23/03/2011 wsws.org  9min #51089

 Bahreïn: le palais royal, encerclé, par les protestataires

Au Bahreïn, grévistes et manifestants défient la répression

Par Niall Green
23 mars 2011

Les manifestations populaires à Bahreïn ont été durement réprimées avec l’aide de l’Arabie saoudite et des Emirats - Photo : Gallo/Getty

Les travailleurs du royaume du Bahreïn dans le golfe Persique ont répondu à la répression du régime soutenu par les Etats-Unis par une vague de grèves dans presque tous les secteurs de l'économie.

Bien que les dirigeants des syndicats n'aient pas officiellement appelé à la grève générale, on estime que 70% des travailleurs du Bahreïn sont en grève et des centaines d'entre eux se joignent aux manifestations qui ont lieu dans les rues de la capitale.

Le régime du roi Hamad al-Khalifa est confronté à de nombreuses manifestations contre sa direction autoritaire depuis février. Le roi a tenté de maintenir son régime par la force en publiant la semaine dernière un décret d'urgence instituant la loi martiale, et en donnant à la police et à l'armée l'autorisation de prendre toutes les mesures nécessaires à la sauvegarde du régime.

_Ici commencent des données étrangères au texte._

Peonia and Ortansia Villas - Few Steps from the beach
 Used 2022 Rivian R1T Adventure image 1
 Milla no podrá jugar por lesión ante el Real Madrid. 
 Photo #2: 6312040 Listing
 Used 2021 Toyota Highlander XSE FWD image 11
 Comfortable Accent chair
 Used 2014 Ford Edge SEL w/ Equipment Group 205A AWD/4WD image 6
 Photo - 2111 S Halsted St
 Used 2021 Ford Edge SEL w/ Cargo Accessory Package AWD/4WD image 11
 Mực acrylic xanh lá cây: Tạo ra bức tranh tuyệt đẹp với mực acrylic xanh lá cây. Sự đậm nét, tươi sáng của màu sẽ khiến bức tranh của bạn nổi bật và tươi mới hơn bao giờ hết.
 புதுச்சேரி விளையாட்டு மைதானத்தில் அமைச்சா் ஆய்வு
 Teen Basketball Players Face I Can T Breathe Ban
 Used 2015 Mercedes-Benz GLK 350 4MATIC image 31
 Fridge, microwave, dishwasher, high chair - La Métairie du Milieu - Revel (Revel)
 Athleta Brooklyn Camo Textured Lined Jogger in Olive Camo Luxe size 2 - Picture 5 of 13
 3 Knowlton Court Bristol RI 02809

Un couvre-feu qui commence à la tombée de la nuit et se termine à l'aube a été institué dans tout le Bahreïn.

Avec l'aide d'environ 1500 soldats et policiers envoyés par les monarchies voisines d'Arabie Saoudite et des Émirats Arabes Unis (UAE) les forces de sécurité du Bahreïn ont déclenché une vague de répression scandaleuse contre les manifestants mercredi dernier.

Faisant usage de balles réelles, et avec le soutien de tanks et de véhicules blindés, la police et l'armée ont évacué des milliers de manifestants de la place de la Perle, le centre des manifestations de toutes ces dernières semaines dans la capitale de Manama. Au moins six personnes ont été tuées dans l'assaut et des centaines ont été blessées.

Les médias locaux ont confirmé que les forces pro-monarchiques ont tué deux autres personnes depuis cet assaut, et les associations des droits de l'homme du Bahreïn ont affirmé que de nombreuses personnes avaient disparu, probablement kidnappées ou assassinées par le régime.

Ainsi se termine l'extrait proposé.